# Rebirth part2



## Col. Schafer (Apr 15, 2008)

"Your primarch is not dead."

Julius’s mind reeled. The holy primarch alive? How? When was this realized? Where was he? Why had he not returned to his chapter? 

The Blood angel leaned back. 

"you should consider yourself privileged. So far as we know. He is the onlyprim arch still alive. In that your chapter is unique. The answer to your next question is that he is in stasis, and has in fact been so for several thousand years." said the blood angel.

Julius stood, unable to think, he was filled with an indescribable awe and joy and fear. What would it be like to face the legendary founder of his chapter? Would he face him? Was this in fact true? Was he being deceived?

"Where is he? Why are you telling me this? What do you need me for if my primarch lives?" said Julius.

An inquisitor with the emblem of the daemon hunters spoke. "The primarch until recently was buried deep under your chapters base. Recently, we have retrieved him. We are keeping him at Velonica prime."

Julius turned to the Inquisitor, and said, "Why do you need me? What use could I possibly be to one so infallible as Gilliam? I am but a humble captain of my chapter, surely a higher ranking member of the Ultramarines is more suited for whatever it is you need me to do?"

Isaac spoke again. "You see Julius, you may take a seat, we need your geenseed. The Primarch is regrettably in a near death state. Any attempt to revive him from his stasis would be fatal. We do not poses the knowledge to revive him, but we believe that you, could receive a direct implant of the primarchs geenseed. This would provide the Impirium with a hero Julius. Do you understand? We wish you to become the primarch of your chapter."

Julius sat, speechless. This was either a miracle or heresy. He wasn’t sure witch.

"Why me?" he said

An Ordo Xeno Inquisitor spoke. "We believe your geenseed may be the purest of your chapter. This is pure luck on your part. You should thank the emperor."

Julius was shocked. "How can you know such a thing! You would have to test every marine in the chapter!" Said Julius, his voice rising.

The Commissar spoke for the first time. Julius was almost insulted that a mere Imperial guardsman was privy to this secret before him. 
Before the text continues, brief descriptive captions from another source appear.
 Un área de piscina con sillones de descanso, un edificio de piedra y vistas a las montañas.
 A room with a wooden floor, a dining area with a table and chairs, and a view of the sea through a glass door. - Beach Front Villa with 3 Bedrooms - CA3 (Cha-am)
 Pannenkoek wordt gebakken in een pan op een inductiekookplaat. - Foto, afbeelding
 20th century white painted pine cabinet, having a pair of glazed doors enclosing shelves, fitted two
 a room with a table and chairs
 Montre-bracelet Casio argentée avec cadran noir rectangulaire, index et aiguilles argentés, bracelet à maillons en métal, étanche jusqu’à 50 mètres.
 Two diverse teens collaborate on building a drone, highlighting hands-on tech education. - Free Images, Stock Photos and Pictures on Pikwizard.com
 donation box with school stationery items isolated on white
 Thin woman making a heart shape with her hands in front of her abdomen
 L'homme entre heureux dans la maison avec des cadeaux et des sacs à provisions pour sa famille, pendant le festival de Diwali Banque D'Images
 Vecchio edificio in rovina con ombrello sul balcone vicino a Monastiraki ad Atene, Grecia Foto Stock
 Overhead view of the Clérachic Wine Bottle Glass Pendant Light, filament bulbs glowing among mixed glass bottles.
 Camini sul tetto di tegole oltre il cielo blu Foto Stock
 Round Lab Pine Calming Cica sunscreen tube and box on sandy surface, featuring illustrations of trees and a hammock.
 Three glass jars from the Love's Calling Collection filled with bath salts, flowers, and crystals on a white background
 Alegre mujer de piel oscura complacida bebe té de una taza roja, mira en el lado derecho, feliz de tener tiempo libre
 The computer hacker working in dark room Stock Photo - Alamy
"We have been studying your chapter for a long time, and our projections showed that you would hold the purest geenseed." Said the commissar. "While it is true that our research could be more perfect, we are 67.844% sure that you could successfully survive the transformation."

Julius simply sat. he didn’t know weather to believe it or not. All his life he had been taught humility. He knew in his heart that he was not worthy of such an honor. But if an inquisitor asked him to do something, he must do it correct? Would it be selfish to refuse the Impirium its hero? 

The blood angel said, "I am confident that you will make the right desision though, you are an honorable marine."

Julius looked up. 

"I am not worthy of this." said Julius. I would give anything to the emperor, but you are not him. I will not do this willingly. This honor should be Marinus Calgars."

The Commissar interrupted him. "Your chapter master, has only a projected 43.873% chance of surviving the process. He is strong, and no one questions his leadership, but his geenseed is only slightly above average, despite common belief."

Julius felt despair. He knew this was not right. What was being done was utter heresy. It was balderdash that his geenseed could be more pure than the chapter masters. 

"Your outnumbered, unarmed, and on a potentially hostile ship Julius." Said the blood raven. "You will do as we say."

Julius stood. "Than kill me, if that is the alternative. I advise you to do so, if you do not, I will inform my superiors of your heresy. I would give my life for the primarch. But I will never have the arrogance to believe myself to be him."

Julius felt a rending pain in his head. 

"Julius, you are in a room full of psykers. You will do as you are told." Said Isaac. 

Julius lost consciousness.

---

Gaunt and Larkin followed Milo thru the corridors of the ship. 

"You will be provided with quarters." Said Milo. "I'm afraid it will be a long journey, we need to rendezvous with a fellow inquisitor of mine. After that we will set out for the heretics stronghold."

"Milo, I want to know what the hell is going on, none of this 'Ill tell you later' Feth" said Gaunt. "I want to know what the mission is, where were going, and what the target is. You told me to pick a sniper, and that means were gunning someone, I want to know who."

Milo stopped and turned to Gaunt. "Ibram, I'm an inquisitor. Your going to be playing by my rules. If this ship gets boarded I cant risk you or Larkin being captured with my plan."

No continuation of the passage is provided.